We've all seen the old movies where the honeymoon couple puts a "Do Not Disturb" sign on their door. Then they shut the door and we're left to imagine what's going on in there. I would guess that whatever it is is pretty lascivious.

There's a scene in one of Elvis' movies, "Girl Happy," and he even sings a song called "Do Not Disturb." Part of the lyrics is: "Do not disturb, hang a sign on your door. Do not disturb, it's time to make love, and I can't wait ... a minute more." Now that's lascivious.

I've been to motels, of course -- most of us have at least one motel stay in our history -- and there'll be a "Do Not Disturb" sign there. As far as I'm concerned you may as well just step out in the hall and announce to the motel what you're doing in there.
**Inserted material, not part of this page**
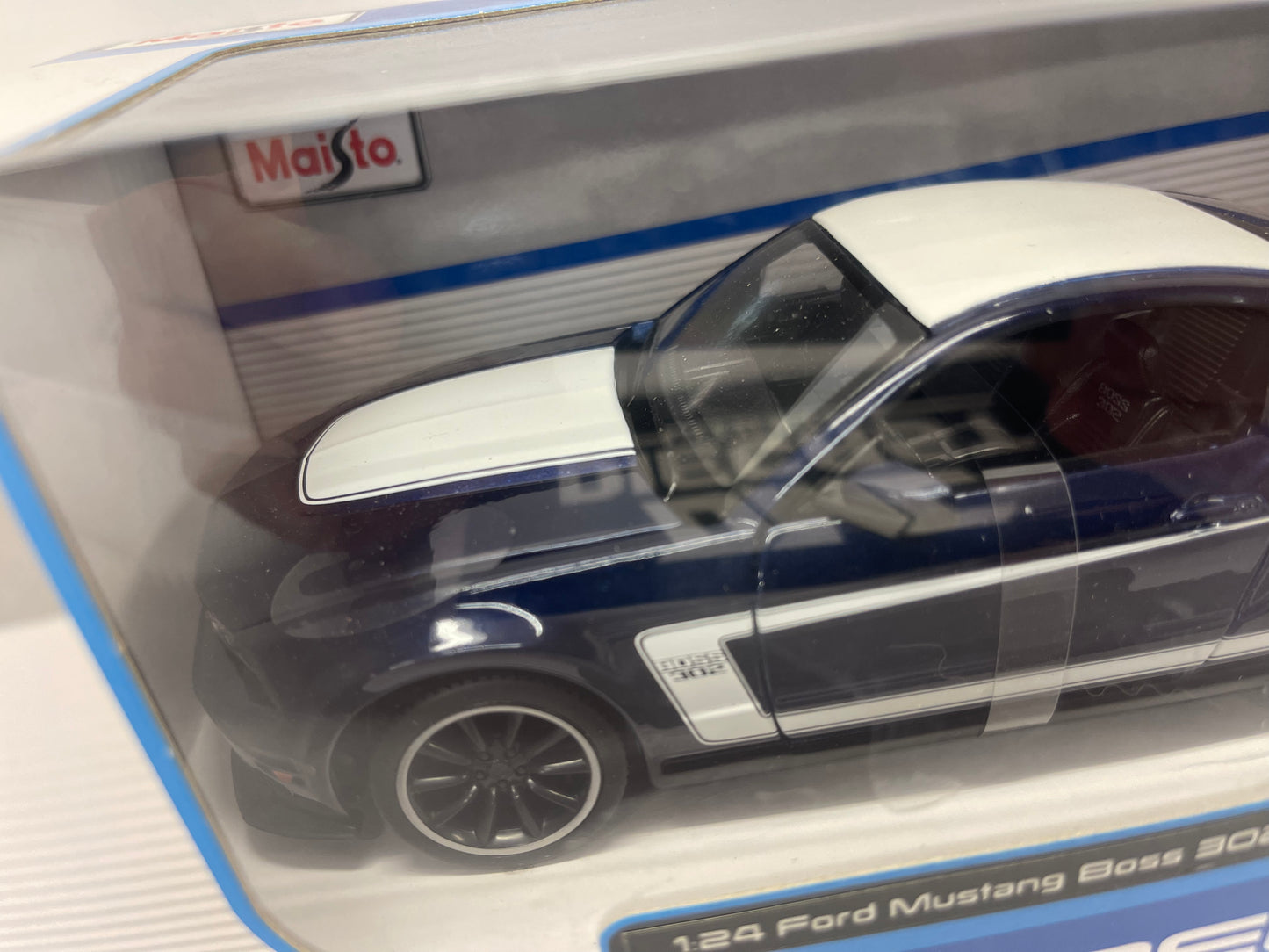 1:24 Ford Mustang Boss 302 by: Maisto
Because it can't be anything good.

You'd be down for the continental breakfast later and everyone would be staring at you, because of whatever they imagine must have been going on just minutes before. Did they wash up? And if you have that healthy glow like they show in Viagra commercials, when the guy shows up for work the morning after, they'd probably lose their appetite. This is only minutes later!

What's preferable from the privacy point of view, to me, is just leave the sign alone and dead bolt the door. Then the only one who can figure out your activities inside is the maid, and they never speak. They just make hand signals as they're going door to door with their cart and supplies, as if to say, "I've seen everything but I'm sworn to secrecy."

Now, someone will probably say that a "Do Not Disturb" sign could be used for other reasons. Like if you're super tired, you've been on the road, and say you got in late, you checked in at 3 in the morning and you don't want up when the maid comes around at 8 or 9. To which I would reply, "Yeah, sure, we all know what's really going on."

I myself have never ever put a "Do Not Disturb" sign out. I see them and leave them on the inside of the room, like they're radioactive. I like my privacy. And I wouldn't be crowing about it to the world for anything. You see one of those signs and it's the same as them saying, "Guess what's going on in my room, not that you'd need three guesses." Or maybe you do need three guesses, but the first two don't count.

The worst thing you can see is just a guy checking in by himself and he has a "Do Not Disturb" sign on the door. You immediately suspect he's got a date, with a doll. It's disgusting. That's a room that needs to be completely disinfected.

I'd rather be safe than sorry. There's no sign. Go ahead, disturb me!